Michele e il suo amico avevano prenotato il volo di ritorno il 17 marzo. «Quattro giorni prima del rientro, il 13 marzo, la compagnia aerea ci ha informati della cancellazione del volo di rientro per Roma. All’inizio non sembrava una situazione irrecuperabile, perché la compagnia di volo aveva comunque rassicurato i ragazzi. «Scrissero che non ci saremmo dovuti preoccupare in quanto ci avrebbero trovato una soluzione alternativa, cambiando il giorno oppure la tratta».
In un modo o nell’altro, insomma, Michele vedeva assicurato il rientro fino a Roma.

«Al 20 marzo, però, nessuno comunicava nulla, e quindi ci siamo messi in contatto con l’Ambasciata e con la Farnesina. Ma tuttora l’ambasciata non fornisce nessun aiuto: ripetono solo che in Colombia, come in tutto il mondo, c’è lo stato di emergenza con la chiusura di tutti gli aeroporti fino al 31 maggio. Non sono in programma voli di rientro, quindi non ci possiamo muovere in alcun modo». L’ansia intanto cresce anche a Terlizzi, a casa Di Chirico.
«Sto provando a contattare il nostro sindaco. Per ora ho il numero del governatore – racconta Michelangelo, il papà di Michele - . A tutt’oggi però, Emiliano non si è messo in contatto con Michele. Per non parlare della Farnesina: in Colombia trattano gli italiani come degli untori, mio figlio e l’amico sono stati cacciati dal primo residence che li ospitava benché avesse fatto veder loro il passaporto con data 17 febbraio. Temevano portassero contagio perché italiani».

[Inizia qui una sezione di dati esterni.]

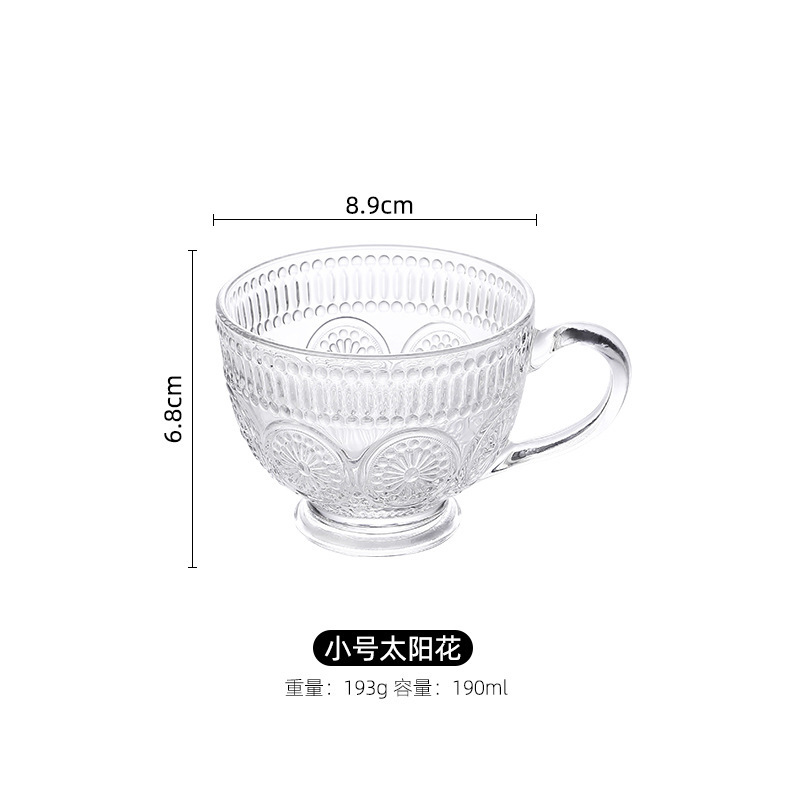 Hogar nórdico retro relieve flor del sol taza de café leche desayuno taza de vidrio gran capacidad con mango taza de té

Dall’ambasciata, intanto, una proposta era arrivata, anche se Michele non ha potuto accoglierla e spiega perché.
«In pratica ci avevano informati della possibilità di rientrare in Italia il 15 aprile con un volo straordinario attivato con partenza da Bogotà e destinazione Bruxelles – spiega Michele. - Il volo chiaramente dava priorità ai cittadini del Belgio: per tutti gli altri si procedeva al sorteggio per salire sull’aereo. Intanto - continua Michele - la cittadina dove ci troviamo dista sette ore di auto da Bogotà. Con un permesso rilasciato dall’ambasciata, ci saremmo potuti arrivare, ma il viaggio sarebbe costato 300 euro a testa. La possibilità del sorteggio per prendere il volo avveniva solo se presenti in aeroporto. E comunque, prima e a prescindere dal sorteggio, avremmo dovuto acquistare un volo che collegava Bruxelles a Roma: altri 350 euro. Abbiamo saputo che sull’aereo s’è creato posto per tre italiani, e in aeroporto se ne sono presentati nove».

Peggio della roulette russa. «Chi rimaneva a terra aveva poi obbligo di permanenza a Bogotà, in hotel oppure ostelli. E noi non potevamo permetterci di pagare il soggiorno a Bogotà. Qui stiamo evitando anche di uscire di casa, per mantenerci con i nostri risparmi, senza alcuna certezza di quando questa situazione assurda si riuscirà a sbloccare e tenendo conto dei costi elevati che sosterremo per il biglietto di ritorno. Dicono che gli aeroporti saranno riaperti dopo il 31 maggio. Sarà così? Riprenderanno anche i voli per l’Italia?».